[Provided data — start]

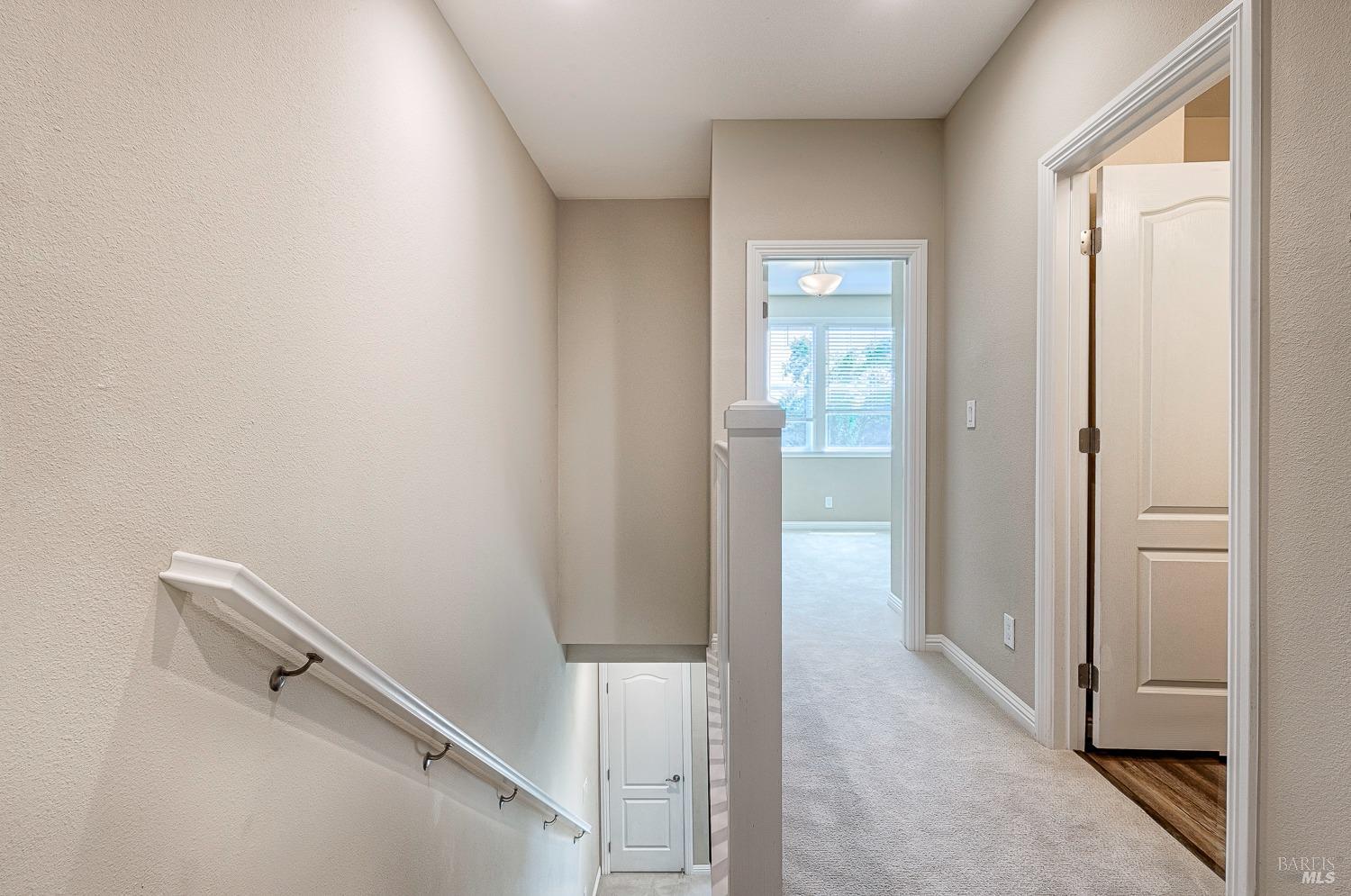 Detail Gallery Image 17 of 38 For 465 Miaterra Dr, Santa Rosa,  CA 95407 - 3 Beds | 2/1 Baths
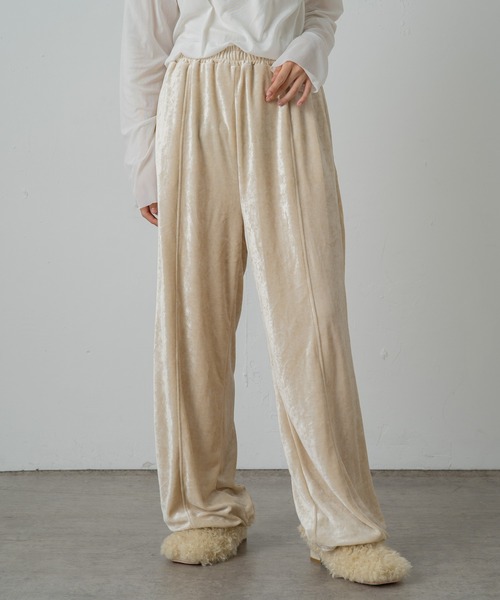 earthy（アーシー）の「【レピュール加工】ベロアイージーパンツ
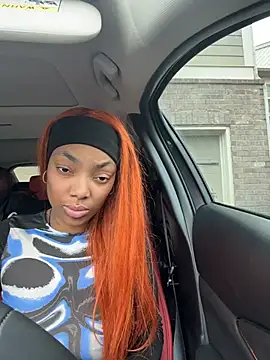 butterflybootyy online show from December 5, 2025, 6:50 pm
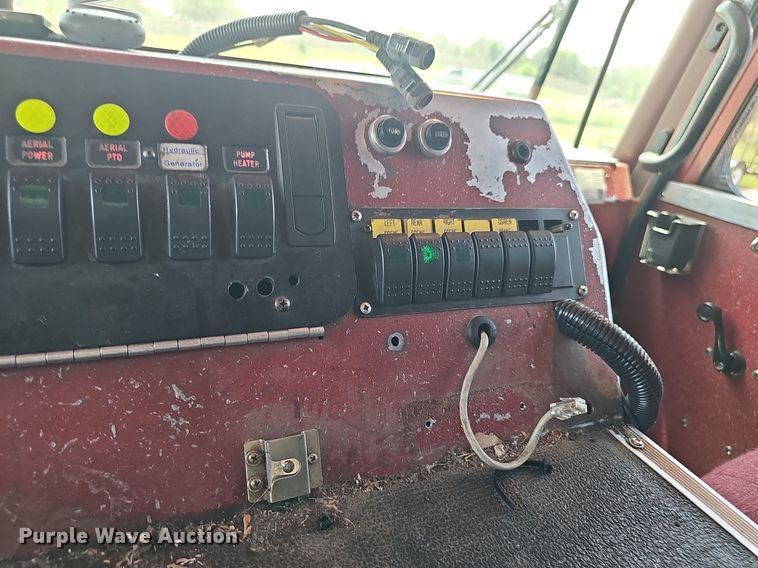 image for item DP6446 2002 Spartan Gladiator FF ladder fire truck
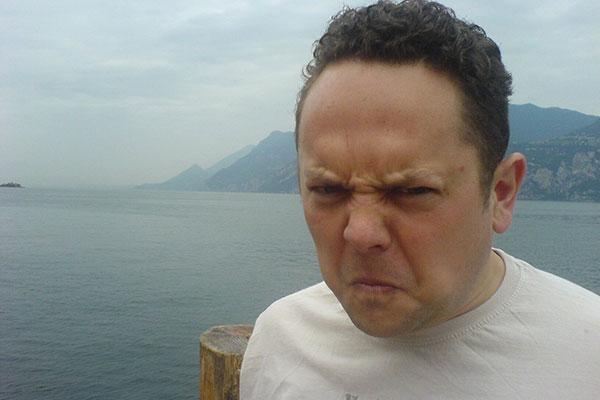 foto di uomo che chiude gli occhi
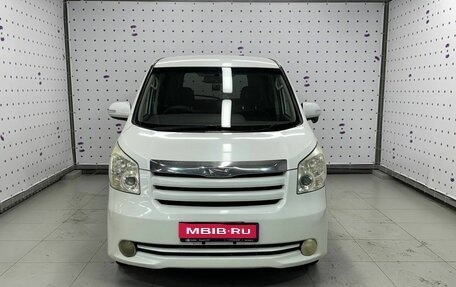 Toyota Noah III, 2008 год, 1 455 000 рублей, 1 фотография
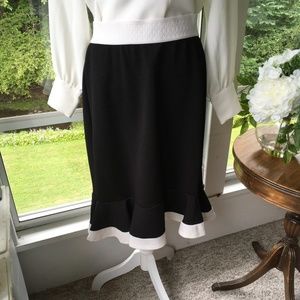 COPY - Black & cream pencil skirt with ruffle hem size L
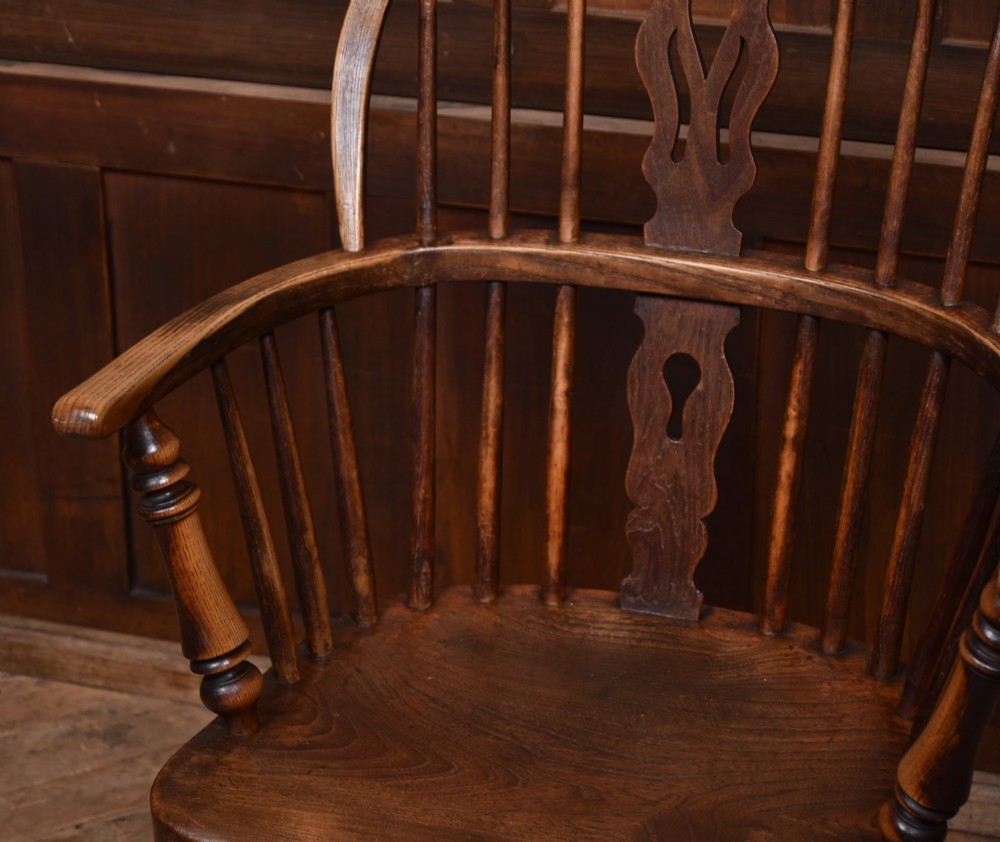 19th‑Century Oak & Elm Windsor Armchair View III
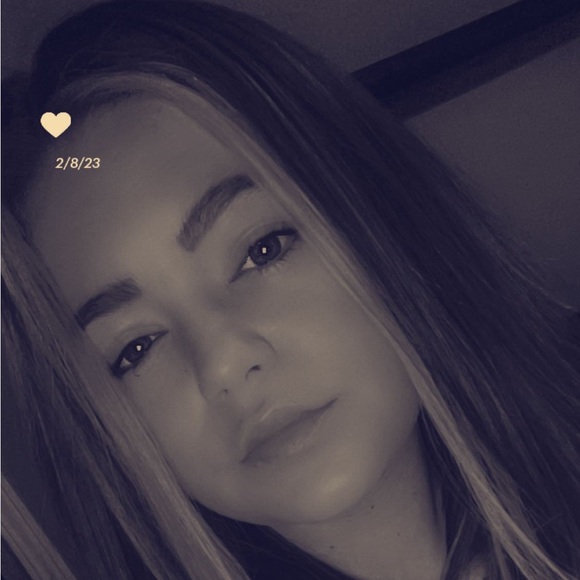 Meet your Posher, Kendall - Picture 1 of 1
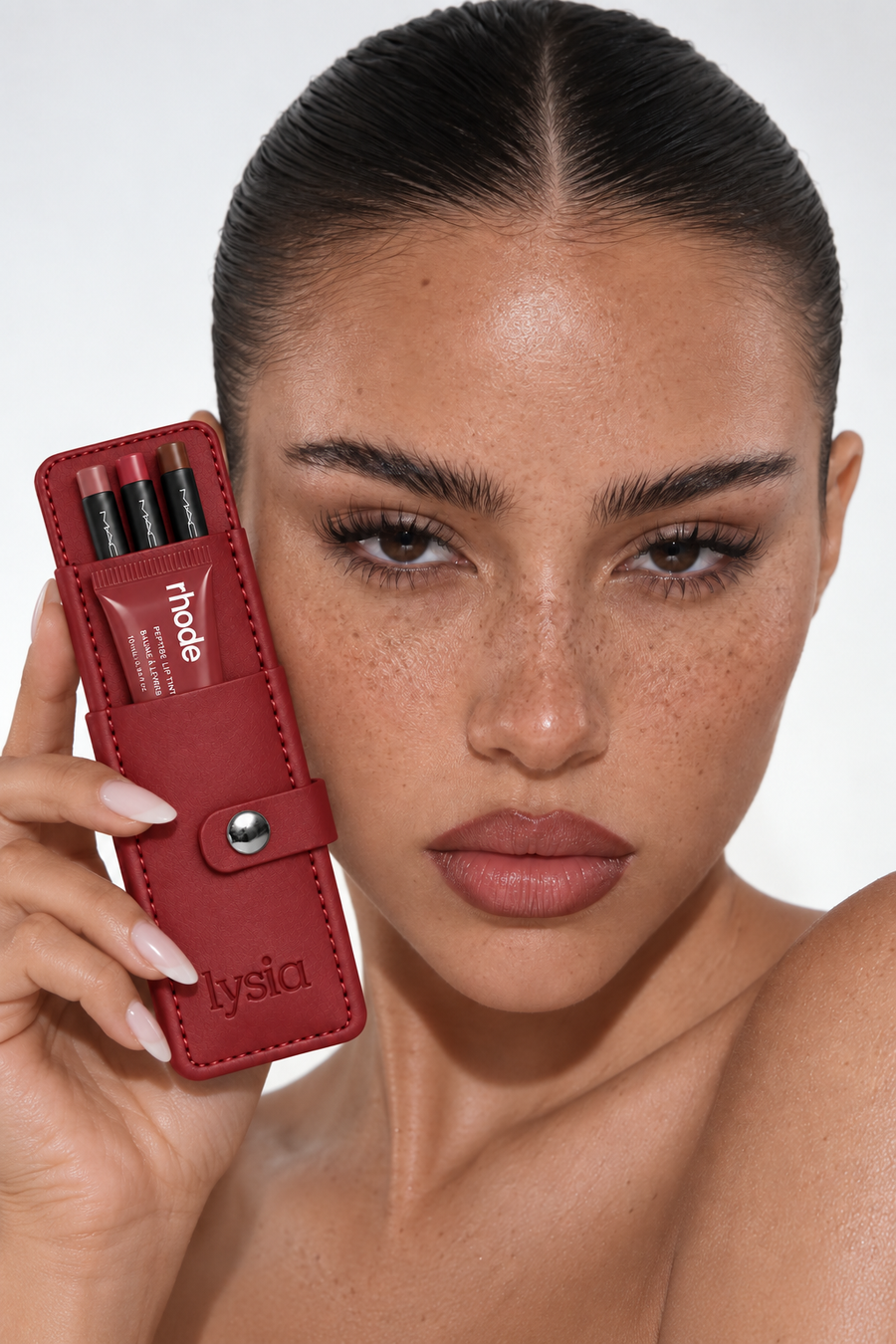 The Signature Case - Cherry red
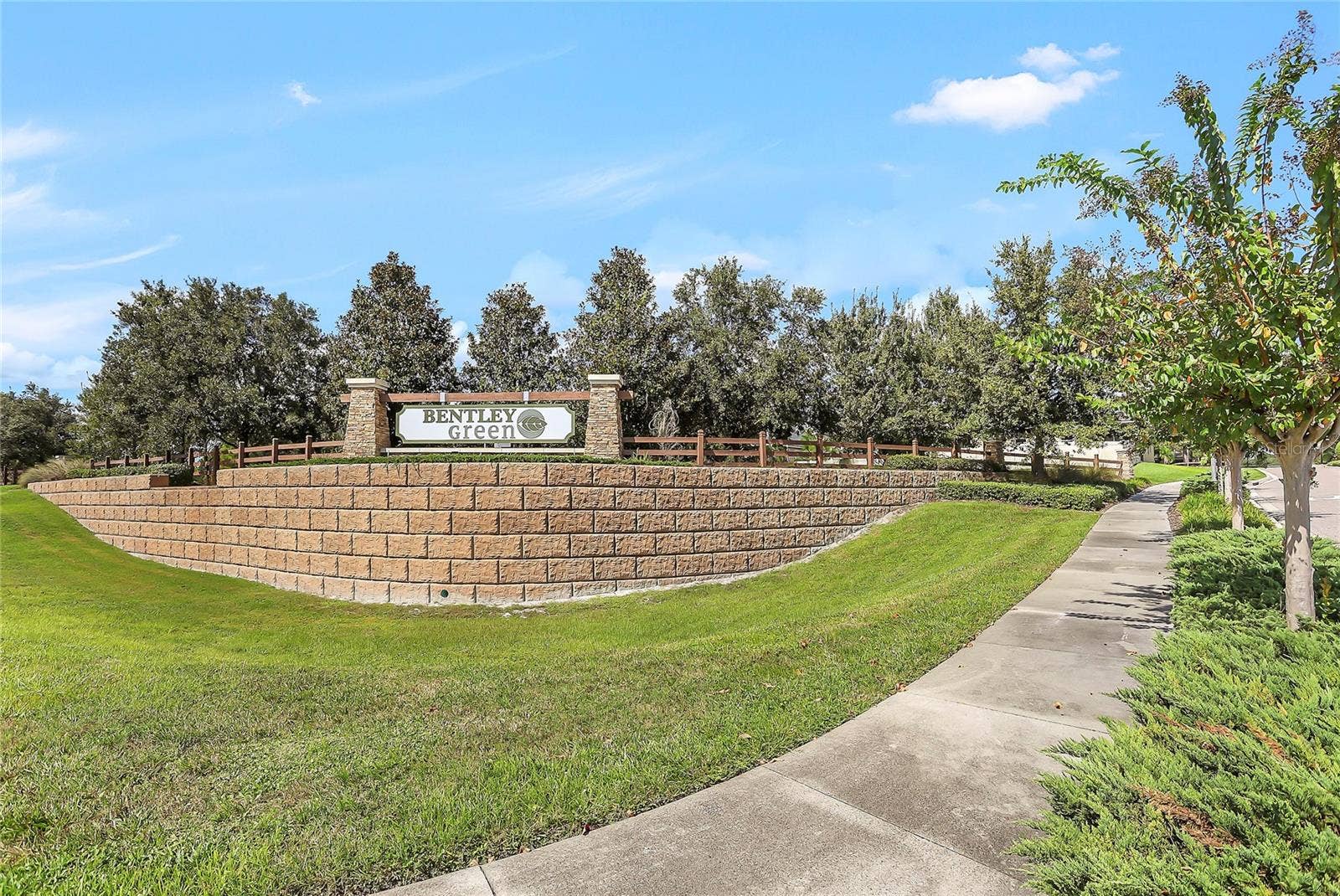2368 OXMOOR DRIVE, Deland, FL 32724 2368 OXMOOR DRIVE, Deland, FL 32724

[Provided data — finish]

== How to complete this task ==
Line by line, write out the material exactly, leaving the images out.

== Result below ==
 Detail Gallery Image 17 of 38 For 465 Miaterra Dr, Santa Rosa,  CA 95407 - 3 Beds | 2/1 Baths
 earthy（アーシー）の「【レピュール加工】ベロアイージーパンツ
 butterflybootyy online show from December 5, 2025, 6:50 pm
 image for item DP6446 2002 Spartan Gladiator FF ladder fire truck
 foto di uomo che chiude gli occhi
 Toyota Noah III, 2008 год, 1 455 000 рублей, 1 фотография
 COPY - Black & cream pencil skirt with ruffle hem size L
 19th‑Century Oak & Elm Windsor Armchair View III
 Meet your Posher, Kendall - Picture 1 of 1
 The Signature Case - Cherry red
2368 OXMOOR DRIVE, Deland, FL 32724 2368 OXMOOR DRIVE, Deland, FL 32724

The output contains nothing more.